• _Exercise goal_
From the line that contains "Glasmästaregatan 2-6" down to the last line of the data below, transcribe every line exactly.

Short text fragments from websites
*****

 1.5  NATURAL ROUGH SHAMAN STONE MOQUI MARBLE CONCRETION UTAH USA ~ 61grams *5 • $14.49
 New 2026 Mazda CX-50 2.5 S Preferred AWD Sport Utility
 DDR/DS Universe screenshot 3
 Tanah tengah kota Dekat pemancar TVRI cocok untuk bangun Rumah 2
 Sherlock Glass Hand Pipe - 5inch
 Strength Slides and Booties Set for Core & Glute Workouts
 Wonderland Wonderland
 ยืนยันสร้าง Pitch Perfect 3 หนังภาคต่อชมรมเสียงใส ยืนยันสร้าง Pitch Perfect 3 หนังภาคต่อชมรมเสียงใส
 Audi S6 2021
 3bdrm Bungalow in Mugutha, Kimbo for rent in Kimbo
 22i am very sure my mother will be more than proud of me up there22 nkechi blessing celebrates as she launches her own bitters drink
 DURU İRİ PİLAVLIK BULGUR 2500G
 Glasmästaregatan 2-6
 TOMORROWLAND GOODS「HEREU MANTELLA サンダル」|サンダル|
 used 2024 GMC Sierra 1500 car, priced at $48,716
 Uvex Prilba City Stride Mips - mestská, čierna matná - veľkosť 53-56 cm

*****

• _Finished exercise_
 Glasmästaregatan 2-6
 TOMORROWLAND GOODS「HEREU MANTELLA サンダル」|サンダル|
 used 2024 GMC Sierra 1500 car, priced at $48,716
 Uvex Prilba City Stride Mips - mestská, čierna matná - veľkosť 53-56 cm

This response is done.